ETTR & Methods of Exposure Measurement

Basics, PhotographyPatrick ZasadaComment

Metering Modes of your camera

 

With regard to the automatic determination of the correct exposure, there are various measuring methods. In architectural photography, photographs should be taken in manual mode M anyway. As shown above, the exposure value represented by the bar graph is the result of the interaction of exposure time, the aperture and ISO value. When only one of these three parameters changes, the exposure will change as well and the image becomes brighter or darker, while the bar-graph moves towards left or right accordingly. As soon as this reaches the zero value in the middle, the image should be correctly exposed, according to the camera's internal software. The method of exposure metering only influences the position of the bar graph, which gives information about the exposure. Furthermore, an exposure compensation can be set in the camera, which defines the zero value differently or shifts it to the left or right. The starting point (=zero value) can vary depending on the method; however, the fine adjustment should anyway be made using the histogram according to the ETTR principle, which will be discussed below.

The bar graph provides information about the exposure. In this example, the image is underexposed by one f-stop (-1 EV); so it's a little too dark.

The bar graph provides information about the exposure. In this example, the image is underexposed by one f-stop (-1 EV); so it's a little too dark.

The bar graph is probably familiar to everyone. After all, almost every camera has this type of display with regard to exposure metering. The fraction of 1/20, as in this example, indicates the set exposure time in seconds (1/20 sec). In some cameras, instead of the fraction, only a number like e.g. 20 is displayed, which stands for 1/20 sec. If there is a quotation mark after the number, it represents a whole second; 20" would therefore correspond to whole 20 seconds. To the right of it the aperture value is displayed. In this example a aperture-value of f/2.8 is set and below the photosensitivity value of ISO 125 is shown. When the values set in the camera are changed, you will notice that the highlighted bar in the middle begins to move. This in-camera metering indicator shows the approximate exposure of the image. In this example, the image would be underexposed by one f-stop (-1 EV), i.e. it would be slightly too dark. This can be corrected by increasing the exposure time accordingly, opening the aperture further and/or increasing the ISO value. The exposure estimated by the camera as optimal is given when the displayed bar is at zero. However, the automatic exposure metering is only for orientation, because in some cases it is useful to over- or underexpose an image. Ideally, the final result should be checked by means of the histogram.

With regard to exposure metering, there are different modes: For example, the integral metering (Average metering), in which an average value of the entire image is calculated, or the center-weighted average metering, in which the metering points in the middle of the image are more important than the metering points at the edges.

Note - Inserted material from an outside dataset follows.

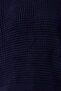 Navy Blue Basic Knitwear Sweater Twoaw22Kz0925 - 3
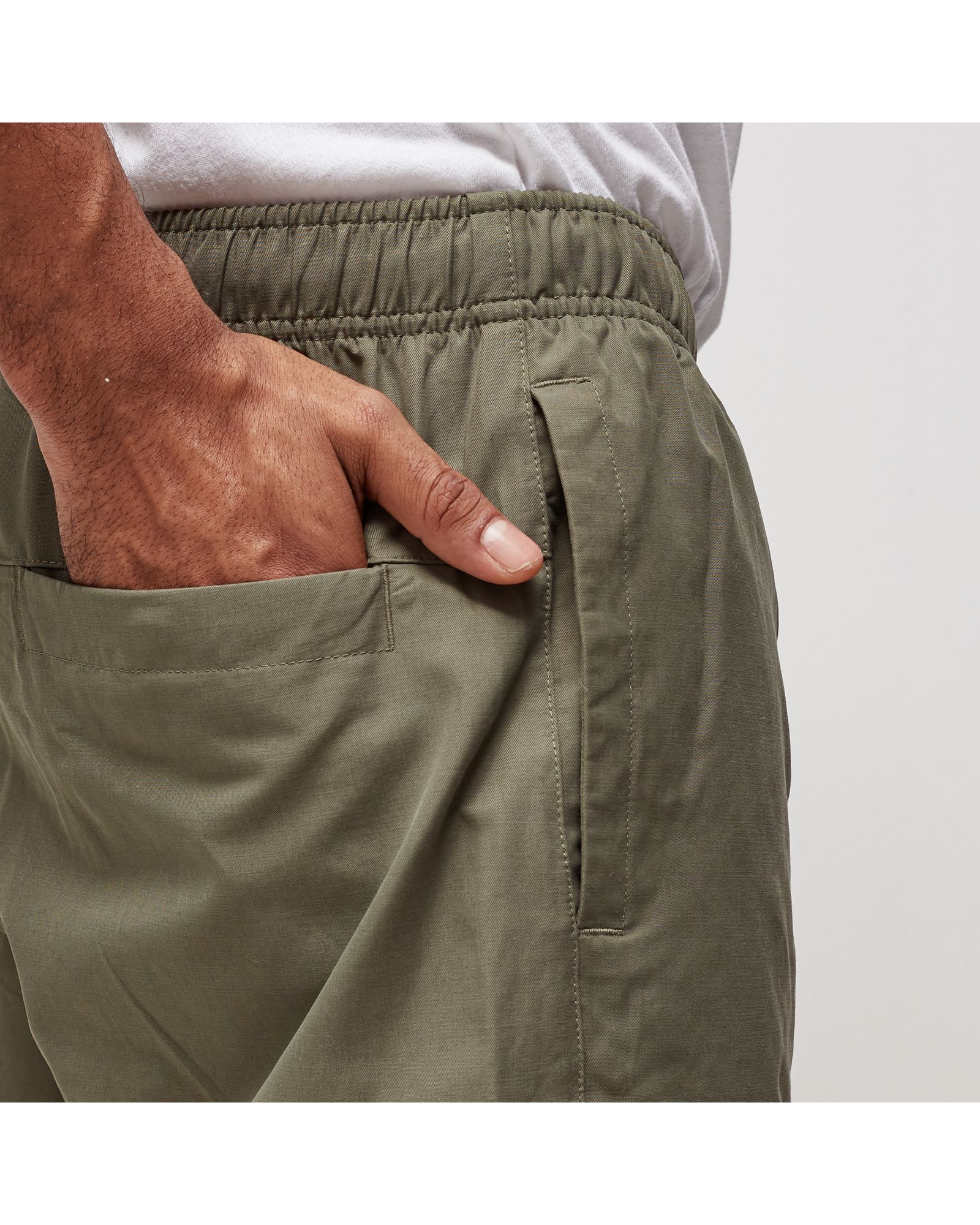 Sportswear Woven Pants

But what all modes have in common is that the camera considers an image as optimally exposed when the average luminosity reaches a 50-percent grey value. If it is now very dark outside, the camera would brighten the picture until the 50% value is reached. The result would be an image that is much too bright for our perception, since it does not correspond to what was seen with the naked eye. Nevertheless, it can be useful to take pictures like this. The automatic exposure metering works very well during the day, but during the blue hour or at night, you should deliberately shoot underexposed if you are working with the JPEG format. Especially the twilight is a bit complicated due to the fast changing light conditions. Here some test patterns should be created and simply checked on the display. Afterwards it is checked whether the set exposure is satisfactory. However, the settings should be checked at least every 5 minutes and updated if necessary. Manual camera mode M is best suited for this.

The integral measurement (Average metering)

For the integral measurement, all measuring points distributed over the sensor are included equally in the calculation. From the different exposure values, an average value is calculated from which the correct exposure is determined. This method is more suitable for low-contrast subjects (e.g. in heavily cloudy conditions).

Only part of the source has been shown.